During more than three years of Russia’s full-scale war on Ukraine, the front line has also served as a kind of vicious, real-time classroom.

Both Ukraine and Russia have made, and learned from, mistakes. So, too, has North Korea — which last fall sent 11,000 elite soldiers to support Russia’s military in the Russian region of Kursk, where Ukrainians had made a surprise incursion last summer.

North Korean troops’ progress — especially in drone warfare — has potential implications not only for Russia’s war on Ukraine but also peace on the Korean Peninsula.

Across the border from Kursk, in Ukraine’s northeastern Sumy region, Ukrainian soldiers who battled those soldiers described how the North Koreans went from suffering massive losses to learning electronic warfare.

“They went from using World War II tactics to managing on the battlefield with drones,” Capt. Oleh Shyriaiev, commander of the 225th Separate Assault Brigade, told NPR. “And they learned very quickly.”

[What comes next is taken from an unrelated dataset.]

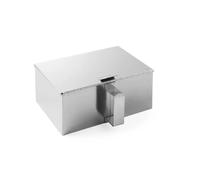 Ramasse-cendres 202x170x(H)91 mm - Hendi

Russia has now regained control of nearly all of Kursk. As ceasefire efforts stall, Ukraine’s defense intelligence has already warned that Russia could deploy North Korean soldiers in a new ground offensive this summer. Ukrainian President Volodymyr Zelenskyy told reporters that Russia is amassing 50,000 troops along the border with Sumy. The region’s governor Oleh Hryhorov said Russia has already captured several Ukrainian villages along the border.